Yanique asked, what do you think about situations when someone shares with you for example, that they had a tragedy and they’re going through grief like a death for example. And the person responds and says, I know exactly what you're going through because I find that grief is different for everyone and you may lose someone, and you respond in a different way. It impacts you in a different way and I may lose someone, and it may not impact me in that way, or it might impact me worse or less. Do you think it's a safe to say, I know exactly what you're going through? How do you know? 

Karen shared that she thinks that this is another uncomfortable yet common response because it's true, it's a common response only because people feel uncomfortable and they're just kind of like, “Ah, what do I say?”And it just comes out so naturally and that's not really what they mean. They're not saying, I know exactly what you're going through because somebody has said that to her and she’s like, “Oh, your husband's been murdered. I didn't know that that happened to you.” And not to even downplay it, because some people will compare losses, they'll say, “Oh, well I went through a divorce and so I know how that feels.”Again, no, you don't know how it feels, but their heart is in the right place. So, the first thing she would say is if you're on the receiving end of that comment is to give that person a little bit of grace because at least they're trying to be there. Do not take offense to that and kind of see through their words to see their heart and their intentions and their heart and their intentions is to comfort you in the moment. But Karen’s advice to the person who wants to say that and guess what? Karen has said that to people before in a different light. And before all of this happened, before she became more aware of some of the myths that we use to comfort people. But if you are about to say that, hold your tongue real quick and then just think about saying something along these lines.

Again, “I don't know what you're going through, but I went through a situation and I know that pain is real. I know that those hard times can come in waves. I know that sometimes it can just feel really consuming and so if you feel anything that is just so painful and it feels hard for you to manage, you can come talk to me. I don't know what you're going through, but I know what pain feels like and I'm willing to just be here for you.”

 It's authentic in the sense that she can relate to your pain even though she hasn’t experienced the same loss. And here's the thing, two siblings could lose the same parent and feel completely different about it. So, imagine the differences of somebody who says, “Oh, I went through a divorce too.”or “Yeah, I also had a miscarriage.”or “Oh, when my mom was sick.”We compare them but there's so many different factors that make that situation so different and unique, but at least being able to relate through the pain, Karen thinks that's the authentic place to be.
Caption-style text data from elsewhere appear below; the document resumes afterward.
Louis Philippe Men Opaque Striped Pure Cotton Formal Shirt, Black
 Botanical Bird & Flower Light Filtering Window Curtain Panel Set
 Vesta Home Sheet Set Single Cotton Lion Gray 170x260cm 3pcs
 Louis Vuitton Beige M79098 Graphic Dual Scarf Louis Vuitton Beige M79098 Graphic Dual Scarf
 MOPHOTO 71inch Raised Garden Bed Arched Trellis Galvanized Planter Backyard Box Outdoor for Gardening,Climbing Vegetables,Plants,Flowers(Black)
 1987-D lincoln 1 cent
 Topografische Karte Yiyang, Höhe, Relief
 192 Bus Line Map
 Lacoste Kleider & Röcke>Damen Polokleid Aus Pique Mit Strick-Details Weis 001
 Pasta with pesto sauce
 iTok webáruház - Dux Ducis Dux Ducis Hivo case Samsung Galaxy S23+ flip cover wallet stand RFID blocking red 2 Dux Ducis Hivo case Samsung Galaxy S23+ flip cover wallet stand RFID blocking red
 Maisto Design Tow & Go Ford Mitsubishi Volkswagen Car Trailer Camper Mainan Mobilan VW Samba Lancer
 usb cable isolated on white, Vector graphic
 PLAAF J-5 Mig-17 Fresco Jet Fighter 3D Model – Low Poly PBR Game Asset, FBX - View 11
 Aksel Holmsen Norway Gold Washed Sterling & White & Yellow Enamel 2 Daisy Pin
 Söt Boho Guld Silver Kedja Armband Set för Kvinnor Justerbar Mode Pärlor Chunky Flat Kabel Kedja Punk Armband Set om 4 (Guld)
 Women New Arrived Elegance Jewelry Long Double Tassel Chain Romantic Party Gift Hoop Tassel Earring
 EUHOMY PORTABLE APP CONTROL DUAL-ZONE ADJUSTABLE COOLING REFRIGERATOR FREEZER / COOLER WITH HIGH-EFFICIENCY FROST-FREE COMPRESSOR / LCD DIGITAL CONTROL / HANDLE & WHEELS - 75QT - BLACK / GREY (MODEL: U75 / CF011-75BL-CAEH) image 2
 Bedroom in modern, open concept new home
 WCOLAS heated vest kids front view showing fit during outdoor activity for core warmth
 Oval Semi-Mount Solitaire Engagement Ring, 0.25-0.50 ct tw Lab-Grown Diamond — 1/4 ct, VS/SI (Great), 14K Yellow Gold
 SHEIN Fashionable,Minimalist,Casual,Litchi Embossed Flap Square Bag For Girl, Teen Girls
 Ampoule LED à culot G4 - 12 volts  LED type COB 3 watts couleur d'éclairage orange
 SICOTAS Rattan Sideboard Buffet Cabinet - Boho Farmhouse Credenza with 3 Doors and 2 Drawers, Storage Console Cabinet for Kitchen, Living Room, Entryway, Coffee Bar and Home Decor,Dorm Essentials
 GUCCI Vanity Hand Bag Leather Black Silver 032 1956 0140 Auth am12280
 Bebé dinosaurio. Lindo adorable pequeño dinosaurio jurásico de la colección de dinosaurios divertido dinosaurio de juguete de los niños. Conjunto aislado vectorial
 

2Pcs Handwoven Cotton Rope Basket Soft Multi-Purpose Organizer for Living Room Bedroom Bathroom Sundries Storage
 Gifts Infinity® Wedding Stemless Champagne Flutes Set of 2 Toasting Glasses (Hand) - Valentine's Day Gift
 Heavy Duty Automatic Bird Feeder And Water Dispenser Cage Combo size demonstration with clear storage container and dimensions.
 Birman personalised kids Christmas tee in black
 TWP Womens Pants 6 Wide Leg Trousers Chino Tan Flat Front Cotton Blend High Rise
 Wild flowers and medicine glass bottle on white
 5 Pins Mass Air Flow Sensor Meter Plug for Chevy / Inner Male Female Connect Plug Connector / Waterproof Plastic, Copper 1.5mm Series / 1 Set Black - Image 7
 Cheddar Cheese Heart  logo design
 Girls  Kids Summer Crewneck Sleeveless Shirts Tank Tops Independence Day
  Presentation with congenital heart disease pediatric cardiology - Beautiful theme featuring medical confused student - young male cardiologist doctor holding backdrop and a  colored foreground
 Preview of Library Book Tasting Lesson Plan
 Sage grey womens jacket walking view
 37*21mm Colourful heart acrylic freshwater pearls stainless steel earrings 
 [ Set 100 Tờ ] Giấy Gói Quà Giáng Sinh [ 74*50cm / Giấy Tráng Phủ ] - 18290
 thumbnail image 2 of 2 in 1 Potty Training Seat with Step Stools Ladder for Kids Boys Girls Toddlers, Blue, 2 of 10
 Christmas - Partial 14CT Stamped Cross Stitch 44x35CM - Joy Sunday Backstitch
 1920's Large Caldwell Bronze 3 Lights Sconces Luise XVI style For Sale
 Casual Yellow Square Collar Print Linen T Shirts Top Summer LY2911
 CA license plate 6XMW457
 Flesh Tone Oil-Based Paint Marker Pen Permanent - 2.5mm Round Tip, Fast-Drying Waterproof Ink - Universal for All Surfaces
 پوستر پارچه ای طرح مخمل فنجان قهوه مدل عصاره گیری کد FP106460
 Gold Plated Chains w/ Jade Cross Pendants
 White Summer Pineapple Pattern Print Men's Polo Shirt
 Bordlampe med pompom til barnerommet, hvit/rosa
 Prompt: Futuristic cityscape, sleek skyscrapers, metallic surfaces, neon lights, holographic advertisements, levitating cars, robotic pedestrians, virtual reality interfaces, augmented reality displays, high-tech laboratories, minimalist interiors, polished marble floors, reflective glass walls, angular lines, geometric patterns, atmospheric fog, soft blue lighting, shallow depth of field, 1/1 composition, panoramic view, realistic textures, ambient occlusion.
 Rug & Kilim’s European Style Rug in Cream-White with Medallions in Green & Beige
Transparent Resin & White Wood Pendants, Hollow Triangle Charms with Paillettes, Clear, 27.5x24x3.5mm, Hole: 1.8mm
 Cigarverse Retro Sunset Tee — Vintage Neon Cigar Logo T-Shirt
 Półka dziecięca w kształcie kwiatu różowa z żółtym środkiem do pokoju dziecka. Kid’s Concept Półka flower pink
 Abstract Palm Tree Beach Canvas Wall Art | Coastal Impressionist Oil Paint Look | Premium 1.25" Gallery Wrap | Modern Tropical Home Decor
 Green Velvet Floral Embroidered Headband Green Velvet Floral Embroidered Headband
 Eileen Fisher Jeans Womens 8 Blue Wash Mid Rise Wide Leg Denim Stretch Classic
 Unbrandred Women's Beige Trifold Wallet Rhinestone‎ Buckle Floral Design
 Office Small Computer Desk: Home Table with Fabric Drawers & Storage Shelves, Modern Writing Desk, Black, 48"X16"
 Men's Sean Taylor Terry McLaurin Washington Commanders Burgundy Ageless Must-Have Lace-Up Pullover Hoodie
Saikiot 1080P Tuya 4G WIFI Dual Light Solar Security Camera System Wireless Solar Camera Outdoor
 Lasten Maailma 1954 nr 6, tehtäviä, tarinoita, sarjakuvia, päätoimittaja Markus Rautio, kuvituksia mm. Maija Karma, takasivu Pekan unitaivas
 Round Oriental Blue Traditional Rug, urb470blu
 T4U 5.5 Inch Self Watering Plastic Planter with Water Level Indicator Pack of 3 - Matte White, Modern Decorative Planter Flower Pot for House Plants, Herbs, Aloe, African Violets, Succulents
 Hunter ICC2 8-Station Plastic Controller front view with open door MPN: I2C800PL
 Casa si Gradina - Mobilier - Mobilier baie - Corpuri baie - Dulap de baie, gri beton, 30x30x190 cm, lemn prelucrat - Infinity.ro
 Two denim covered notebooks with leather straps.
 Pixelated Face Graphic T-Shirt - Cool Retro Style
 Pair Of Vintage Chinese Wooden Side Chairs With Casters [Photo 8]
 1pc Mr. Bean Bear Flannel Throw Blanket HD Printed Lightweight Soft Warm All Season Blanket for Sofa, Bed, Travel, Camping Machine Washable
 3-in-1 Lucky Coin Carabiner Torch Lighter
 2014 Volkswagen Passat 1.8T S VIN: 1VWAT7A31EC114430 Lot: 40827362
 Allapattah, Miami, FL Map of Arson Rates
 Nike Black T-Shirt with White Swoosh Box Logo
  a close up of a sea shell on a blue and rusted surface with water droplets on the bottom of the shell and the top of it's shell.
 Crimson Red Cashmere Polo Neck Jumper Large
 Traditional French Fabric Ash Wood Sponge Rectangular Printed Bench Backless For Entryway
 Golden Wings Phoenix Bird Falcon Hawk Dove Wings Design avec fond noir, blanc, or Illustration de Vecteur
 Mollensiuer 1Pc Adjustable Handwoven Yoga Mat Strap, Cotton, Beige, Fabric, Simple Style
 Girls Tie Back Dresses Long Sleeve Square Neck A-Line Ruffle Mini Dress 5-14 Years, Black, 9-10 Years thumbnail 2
  • Karen shared that there are pains like that where, for example, she has a friend and her parents were not kind growing up, they just weren't, and she doesn't have a relationship with them now. Now she doesn’t know that she's experienced any kind of sexual abuse. She knows that has had happened in her family, but it did not happen to her. However, the abandonment of your parents and them not wanting to be with you, it's a pain that stays with you through adulthood. A physical kind of trauma is also something that stays with you through adulthood and sometimes you have to see your abuser. And so, it's like how do you live in that space? So, what she encourages people to do is to create healthy boundaries, they can't always be physical. A lot of times they have to be mental and emotional.So, the person again who is hearing something like that, they're on the receiving end of that comment, you have to create an emotional and mental boundary just knowing that whatever they're saying to me, if it is not resonating with my heart, with pure comfort and peace and, and even empathy, than I'm not going to receive that, you choose if you're going to receive their words are not. Now for the person who is trying to comfort or build them up because a lot of times they're thinking if you've been a victim, what I need to do is pour into you that you are strong, pour into you that you have gotten over it, kind of build up your confidence and resilience but again, sometimes we just fumble over those words and so instead of saying something that is diminishing their past, meet them where they are. Again, the same starting, 

“I can't imagine what you have gone through, but I see who you are today and I see that you are a fighter, I see that you are a survivor and even if those pains are still being held with you, which I'm sure that they are, I can only imagine that they are. There is something in you that is not giving up and I admire that in you.”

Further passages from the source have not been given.